When I was in
college I majored in English and a close friend, Mark, studied Anthropology. We
both loved out-of-the-way places. Mark had an eye for finding arrowheads and
imagining life thousands of years ago while I had more current stories inhabiting
in my head from the books I was reading.
When Mark got word
of where a cave entrance was he didn’t need to twist my arm to go check it out.
I was taking a Mark Twain Seminar and Tom Sawyer had just explored a cave.
We drove a maze of
Southern Indiana dirt roads, then finally pulled over at a land mark I don’t
now recall.
We stepped over a
barbwire fence with a No Trespassing
sign on it (a lot of our hikes started that way) and set off through the woods.

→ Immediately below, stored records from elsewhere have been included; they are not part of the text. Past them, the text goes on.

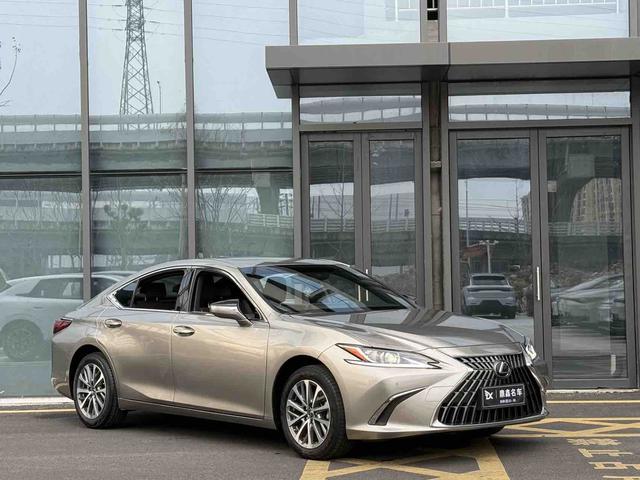 Lexus ES 2022 200 Excellence – фото 3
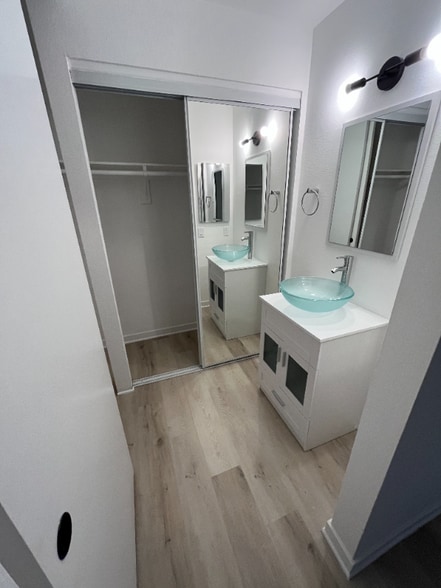 Building Photo - 555 Oak St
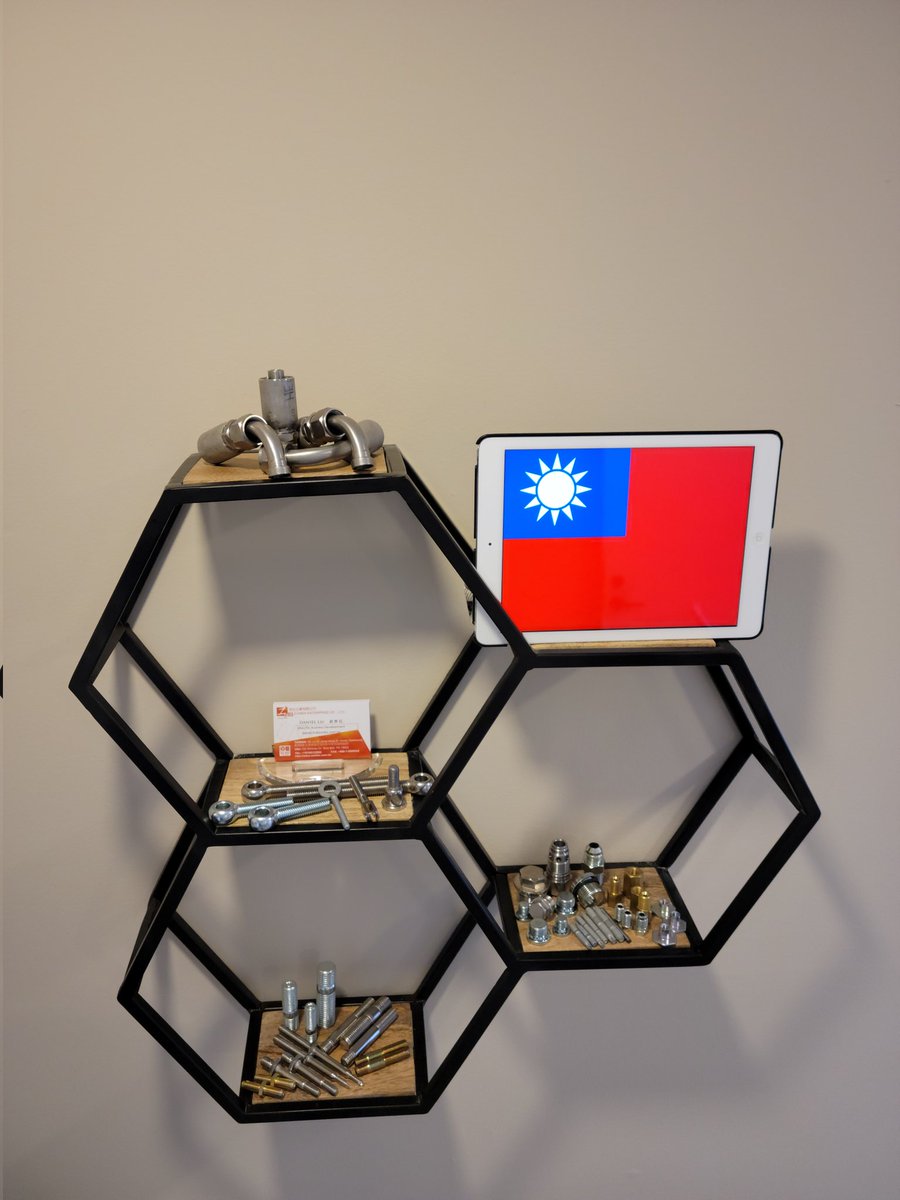 YTnComms's tweet photo. 給 clients 的簡易 showroom/meeting space 佈置好了！地點在美東費城都會區。到美東出差的朋友們，如果有需要短期 showroom/meeting space 也歡迎私訊聯繫了解喔！ https://t.co/WZKwIz8TKN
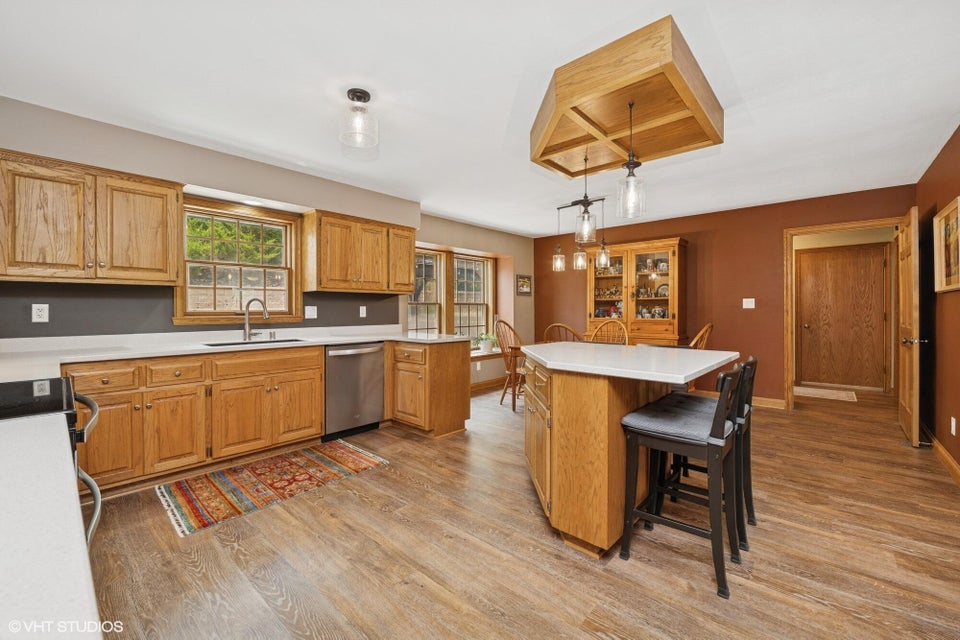 □ ○ △ . 7967 S 67th St, Franklin, WI 53132 | MLS# 1930693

I don’t remember if we were following a trail or looking for landmarks. Mark
had the route in his head and I followed him.
After about twenty
minutes we stopped at a hole in the ground about as big around as a manhole—the
entrance to the aptly named cave, Trapdoor. To access the cave we had to lower
ourselves down, then dangle from our forearms and drop. We knew the bottom
would be there just a foot or two down, but still, there was hesitation on my
part. But once Mark dropped and was just standing there unharmed, I swallowed
my heartbeat and dropped too.
We could’ve brought
high-powered flashlights with us but we didn’t. Me, in my Tom Sawyer mindset,
and Mark, in his prehistoric fascination, both lit candles and proceeded to
navigate through the darkest place I’d ever been.
We walked slowly
out of necessity—the cave walls eating our meager light. We spoke in quiet
voices—transported back in time.
By the time we’d covered
the quarter mile obstacle course of slanting, loose, dark rock peppered with
boulders to the end of the cave and then back to the entrance, all we could see
as we peered up was a slice of starry sky.